Pentaho Configuration
This guide presents basic configuration tasks for the Pentaho Server, data connections, the Pentaho design tools, and Hadoop cluster connections so you can get started creating ETL solutions and data analytics. This guide assumes you have installed the Pentaho software.
Tools: These configuration tasks can be performed through the PUC (Pentaho User Console), the PDI (Pentaho Data Integration) client, or edits to shell scripts and property files.
Login Credentials: A Pentaho administrator user name and password is required to perform configuration tasks through the user console.
These tasks are for IT and Pentaho administrators as described in the following definitions:
- An IT administrator installs, configures, and upgrades the Pentaho Server. An IT administrator knows where the data is stored, how to connect to it, details about the computing environment, and how to use the command line on Microsoft Windows or Linux.
- A Pentaho administrator is responsible for creation and management of users and roles along with managing workstations so the ETL specialists and business analysts can create, publish, and share content.
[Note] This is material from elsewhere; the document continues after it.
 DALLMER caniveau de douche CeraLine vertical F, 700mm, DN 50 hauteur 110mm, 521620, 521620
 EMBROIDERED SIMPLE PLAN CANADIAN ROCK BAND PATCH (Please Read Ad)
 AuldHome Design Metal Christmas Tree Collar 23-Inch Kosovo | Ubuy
Tasks to be Performed by an IT Administrator
As an IT administrator, you need to configure the Pentaho Server and define what security to use. If your team is working with Big Data, you will also need to set up a connection to a Hadoop cluster.
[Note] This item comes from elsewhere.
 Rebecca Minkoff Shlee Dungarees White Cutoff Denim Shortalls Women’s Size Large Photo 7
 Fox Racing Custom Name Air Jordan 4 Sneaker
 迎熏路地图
Configure the Pentaho Server
Basic server configuration tasks include starting and stopping the Pentaho Server, increasing the server's memory limit, and specifying data connections.
Define Security for the Pentaho Server
You also need to establish a security plan for your Pentaho system.
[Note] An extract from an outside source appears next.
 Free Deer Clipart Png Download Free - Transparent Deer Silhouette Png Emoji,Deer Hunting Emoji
Set Up Pentaho to Connect to a Hadoop Cluster
If you are an IT Administrator working with Big Data, you will need to configure Pentaho to connect to a Hadoop cluster.
Set Up the Adaptive Execution Layer (AEL)
You can use AEL to run transformations in different engines, such as Spark.
Tasks to be Performed by a Pentaho Administrator
As a Pentaho administrator, you need to configure data connections, manage the Pentaho Server, and set up the BA (Business Analytics) or PDI (Pentaho Data Integration) design tools.
Define Data Connections
Use the Database Connection dialog box in PUC and PDI to define database connections.
Assign Permissions to Use or Manage Database Connections
Specify which data to make visible to selected users and roles.
Manage Users and Roles
If you are using basic Pentaho Security, the Pentaho Administrator may be tasked with creating and managing users and roles, including assigning permissions to allow users to access the content they need.
With PUC
Switch between user and role settings to add, delete, and edit users and roles in PUC.
With the PDI Client
Control users and roles in the Pentaho Repository with the PDI client.
Configure the Design Tools and Utilities
Before using design tools and utilities, you need to perform configuration tasks for each workstation running these tools.